The specialized tools for data mining are
optimized for speed and efficiency and can be classified into the following
five general "areas" (each comprising a set of Statistica modules, some of them offered only
in the Statistica Data Miner environment):
General Slicer/Dicer and Drill-Down Explorer
A large number of analysis nodes are available for creating exploratory
graphs, to compute descriptive statistics, tabulations, etc. These nodes
can be connected to input data sources, or to all intermediate results.
A specialized Statistica application
module is available (Statistica Drill-Down Explorer) for interactively
exploring your data by drilling down on selected variables, and categories
or ranges of values in those variables. For example, you can drill-down
on Gender, to display the distribution for a variable Income for females
only; next you could drill down on a specific income group to explore
(e.g., create graphical summaries for) selected variables for females
in the selected income group only. A unique feature of Statistica Drill-Down
Explorer is the ability to select and deselect drill-down variables and
categories in any order; so you could next deselect variable Gender
and thus display selected graphs and statistics for the selected Income
group, but now for both males and females. Another unique feature of the
Drill-Down Explorer is its variety of categorization ("slicing")

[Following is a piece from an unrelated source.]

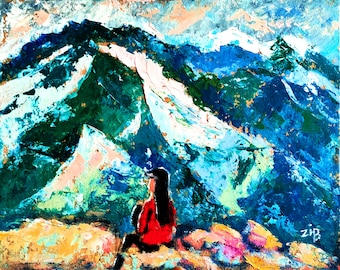 Mountain Painting Original Art Small Oil Painting Mountains Artwork Mountain Landscape Travel Painting Art with Mountains Impasto 7" x 9"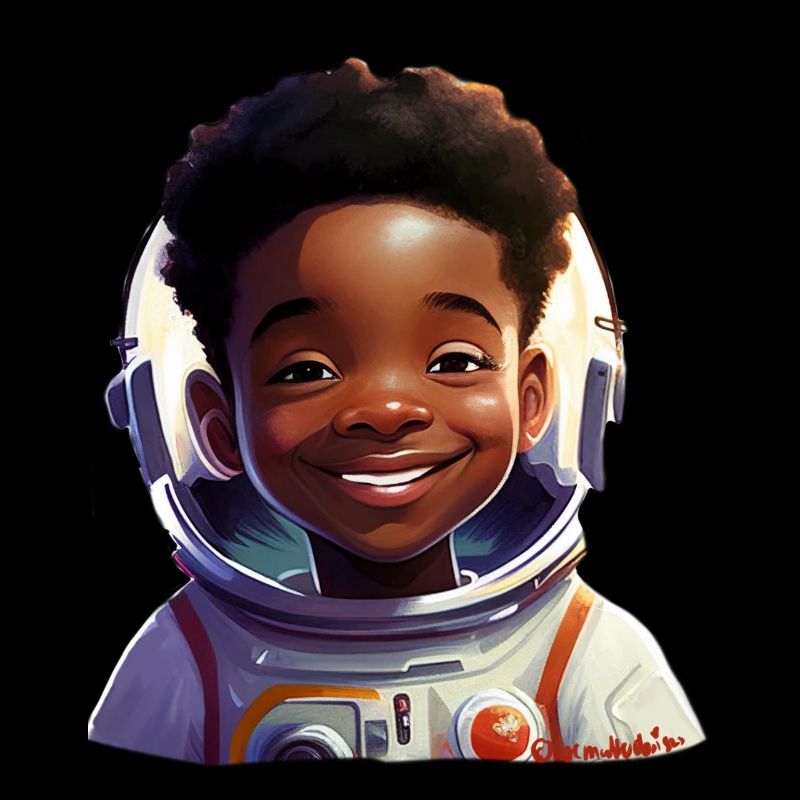 Young female astronaut with rays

methods. Hence, the Statistica Drill-Down Explorer offers tremendous flexibility
for slicing-and-dicing the data. The Statistica Drill-Down Explorer can
be applied to raw data, data-base connections for in-place processing
of data in remote databases, or to any intermediate result computed in
a Statistica Data Miner project. See also, General
Slicer/Dicer Explorer with Drill-Down.
General Classifier
Statistica Data Miner offers the widest selection of tools to perform
data mining classification techniques (and build related deployable models)
available on the market, including Generalized Linear Models (for binomial
and multinomial responses), Classification Trees, General
Classification and Regression Tree (GC&RT) modeling, general CHAID
models, Cluster
Analysis techniques (including "large capacity" implementations
of tree-clustering, k-Means clustering,
and EM clustering methods), and General Discriminant Analysis models (including
best-subset selection of predictors). Also, the numerous advanced neural
network classifiers available in Statistica Automated Neural Networks are
available in Statiatica Data Miner, and can be used in conjunction or
competition with other classification techniques; advanced methods for
unsupervised classification via k-Means
or EM clustering (using modified v-fold cross-validation techniques) can
also be incorporated into your General Classifier projects. See also,
General Classifier (Trees and Clusters).
Deployment
Where applicable, the program includes options
for generating C/C++/C#
or Statistica
Visual Basic, or XML syntax based PMML (Predictive Models Markup Language)
code for deployment of final solutions in your custom programs; models
are also automatically available for deployment after training, so all
you need to do is connect new data to the special deployment node, to
compute predicted classifications.
General Modeler/Multivariate Explorer
Statistica
Data Miner offers the widest selection of tools to build deployable
data mining models based on linear, nonlinear, or neural network techniques
and tools to explore data; you can also build predictive models based
on general multivariate techniques. In summary, Statistica offers the
full range of techniques, from linear and nonlinear regression models,
advanced generalized linear and Generalized Additive Models, to advanced
neural network methods and Multivariate
Adaptive Regression Splines (MARSplines). Statiatica Data Miner also
includes techniques that are not usually found in data mining software,
such as partial least squares methods (for reducing large numbers of variables),
Survival
Analysis (for analyzing data containing censored observations; e.g.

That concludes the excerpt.